For \( n \) random variables: \( M(t_1, \ldots, t_n) = E[\exp\{t_1 X_1 + \cdots + t_n X_n\}] \).

Key applications:

Recovering marginal MGFs: \( M_X(t_1) = M(t_1, 0) \) and \( M_Y(t_2) = M(0, t_2) \).
Testing independence: \( X \) and \( Y \) are independent if and only if \( M(t_1, t_2) = M_X(t_1)\,M_Y(t_2) \).

Additivity of independent Poissons. If \( X \sim \text{Poisson}(\theta_1) \) and \( Y \sim \text{Poisson}(\theta_2) \) are independent, then \[ M_{X+Y}(t) = E[e^{tX}]\,E[e^{tY}] = \exp\{\theta_1(e^t - 1)\}\,\exp\{\theta_2(e^t - 1)\} = \exp\{(\theta_1 + \theta_2)(e^t - 1)\}, \] which is the MGF of \( \text{Poisson}(\theta_1 + \theta_2) \). By uniqueness, \( X + Y \sim \text{Poisson}(\theta_1 + \theta_2) \).

2.8 The Multinomial Distribution

Multinomial Distribution. Suppose \( n \) independent trials are performed, each resulting in one of \( k \) categories with probabilities \( p_1, \ldots, p_k \) (\( \sum p_i = 1 \)). Let \( X_i \) count the number of outcomes in category \( i \). Then \( (X_1, \ldots, X_k) \sim \text{Multinomial}(n; p_1, \ldots, p_k) \) with joint PMF \[ f(x_1, \ldots, x_k) = \frac{n!}{x_1!\,x_2!\cdots x_k!}\,p_1^{x_1}\cdots p_k^{x_k}, \] where \( x_i \in \{0, 1, \ldots, n\} \) and \( \sum_{i=1}^k x_i = n \).

Properties of the Multinomial distribution:

Joint MGF: \( M(t_1, \ldots, t_k) = (p_1 e^{t_1} + \cdots + p_k e^{t_k})^n \).
Marginals: Each \( X_i \sim \text{Binomial}(n, p_i) \).
Pairwise sums: \( X_i + X_j \sim \text{Binomial}(n, p_i + p_j) \) for \( i \neq j \).
Covariance: \( \text{Cov}(X_i, X_j) = -np_i p_j \) for \( i \neq j \).
Conditional distributions: \( X_i \mid X_j = x_j \sim \text{Binomial}\!\left(n - x_j,\, \frac{p_i}{1 - p_j}\right) \) for \( i \neq j \).

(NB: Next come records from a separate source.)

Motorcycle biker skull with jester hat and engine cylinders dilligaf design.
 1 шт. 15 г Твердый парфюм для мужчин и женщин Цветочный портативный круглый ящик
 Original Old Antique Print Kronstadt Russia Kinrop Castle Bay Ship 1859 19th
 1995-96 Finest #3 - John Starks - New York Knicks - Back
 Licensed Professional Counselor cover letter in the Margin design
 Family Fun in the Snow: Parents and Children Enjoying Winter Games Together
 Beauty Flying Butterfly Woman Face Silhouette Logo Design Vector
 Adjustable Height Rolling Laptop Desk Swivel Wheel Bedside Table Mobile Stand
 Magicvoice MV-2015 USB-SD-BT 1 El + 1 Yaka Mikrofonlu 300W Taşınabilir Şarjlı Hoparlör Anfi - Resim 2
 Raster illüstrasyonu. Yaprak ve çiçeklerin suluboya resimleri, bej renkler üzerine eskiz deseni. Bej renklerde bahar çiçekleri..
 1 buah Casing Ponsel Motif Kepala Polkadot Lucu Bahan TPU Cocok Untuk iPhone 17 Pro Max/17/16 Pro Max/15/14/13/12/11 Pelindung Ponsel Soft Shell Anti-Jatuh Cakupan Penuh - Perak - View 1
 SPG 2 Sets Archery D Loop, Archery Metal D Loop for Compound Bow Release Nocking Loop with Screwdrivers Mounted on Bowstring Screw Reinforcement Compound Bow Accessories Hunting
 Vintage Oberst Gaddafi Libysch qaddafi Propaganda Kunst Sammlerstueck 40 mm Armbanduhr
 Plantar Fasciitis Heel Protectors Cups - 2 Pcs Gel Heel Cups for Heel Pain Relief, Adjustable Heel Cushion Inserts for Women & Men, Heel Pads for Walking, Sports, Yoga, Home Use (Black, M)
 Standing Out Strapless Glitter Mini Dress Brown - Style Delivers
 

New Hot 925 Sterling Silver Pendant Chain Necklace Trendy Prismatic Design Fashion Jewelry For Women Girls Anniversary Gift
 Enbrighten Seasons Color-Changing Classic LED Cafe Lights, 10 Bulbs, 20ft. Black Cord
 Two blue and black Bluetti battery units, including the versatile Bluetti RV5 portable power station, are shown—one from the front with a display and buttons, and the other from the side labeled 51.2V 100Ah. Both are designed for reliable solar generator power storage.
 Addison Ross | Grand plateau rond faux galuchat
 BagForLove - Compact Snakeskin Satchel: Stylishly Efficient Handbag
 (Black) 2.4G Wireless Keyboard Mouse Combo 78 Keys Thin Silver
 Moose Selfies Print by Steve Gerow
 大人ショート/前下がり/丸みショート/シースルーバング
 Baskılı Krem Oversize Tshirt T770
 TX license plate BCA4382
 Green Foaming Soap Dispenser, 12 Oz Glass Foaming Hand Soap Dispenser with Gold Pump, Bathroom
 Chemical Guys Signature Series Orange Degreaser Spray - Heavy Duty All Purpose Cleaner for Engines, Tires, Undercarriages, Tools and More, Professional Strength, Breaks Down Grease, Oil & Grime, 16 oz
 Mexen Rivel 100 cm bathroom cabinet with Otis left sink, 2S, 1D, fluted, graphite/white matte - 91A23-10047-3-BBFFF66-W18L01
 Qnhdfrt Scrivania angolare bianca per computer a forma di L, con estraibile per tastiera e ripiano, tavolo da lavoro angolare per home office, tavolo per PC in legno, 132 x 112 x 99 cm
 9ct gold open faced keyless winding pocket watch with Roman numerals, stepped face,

2.9 The Bivariate Normal Distribution

Bivariate Normal Distribution. Random variables \( X_1 \) and \( X_2 \) follow a bivariate normal distribution, written \( \mathbf{X} = (X_1, X_2)^\top \sim \text{BVN}(\boldsymbol{\mu}, \Sigma) \), if their joint PDF is \[ f(x_1, x_2) = \frac{1}{2\pi\sigma_1\sigma_2\sqrt{1-\rho^2}} \exp\!\left\{-\frac{1}{2(1-\rho^2)}\left[\left(\frac{x_1-\mu_1}{\sigma_1}\right)^2 + \left(\frac{x_2-\mu_2}{\sigma_2}\right)^2 - \frac{2\rho(x_1-\mu_1)(x_2-\mu_2)}{\sigma_1\sigma_2}\right]\right\}, \] where \( \boldsymbol{\mu} = (\mu_1, \mu_2)^\top \) and \( \Sigma = \begin{pmatrix} \sigma_1^2 & \rho\sigma_1\sigma_2 \\ \rho\sigma_1\sigma_2 & \sigma_2^2 \end{pmatrix} \).

Properties of the bivariate normal:

Joint MGF: \( M(t_1, t_2) = \exp\!\left\{\mathbf{t}^\top\boldsymbol{\mu} + \frac{1}{2}\mathbf{t}^\top\Sigma\mathbf{t}\right\} \).
Marginals: \( X_1 \sim N(\mu_1, \sigma_1^2) \) and \( X_2 \sim N(\mu_2, \sigma_2^2) \).
Conditional distributions: \[ X_2 \mid X_1 = x_1 \sim N\!\left(\mu_2 + \rho\frac{\sigma_2}{\sigma_1}(x_1 - \mu_1),\; \sigma_2^2(1-\rho^2)\right). \]
Covariance: \( \text{Cov}(X_1, X_2) = \rho\sigma_1\sigma_2 \) and \( \text{Corr}(X_1, X_2) = \rho \).
Independence: \( \rho = 0 \iff X_1 \) and \( X_2 \) are independent. (For BVN, uncorrelated implies independent.)
Linear combinations: Any linear combination \( c_1 X_1 + c_2 X_2 \sim N(c_1\mu_1 + c_2\mu_2,\, \mathbf{c}^\top\Sigma\mathbf{c}) \).
Quadratic form: \( (\mathbf{x} - \boldsymbol{\mu})^\top\Sigma^{-1}(\mathbf{x} - \boldsymbol{\mu}) \sim \chi^2(2) \).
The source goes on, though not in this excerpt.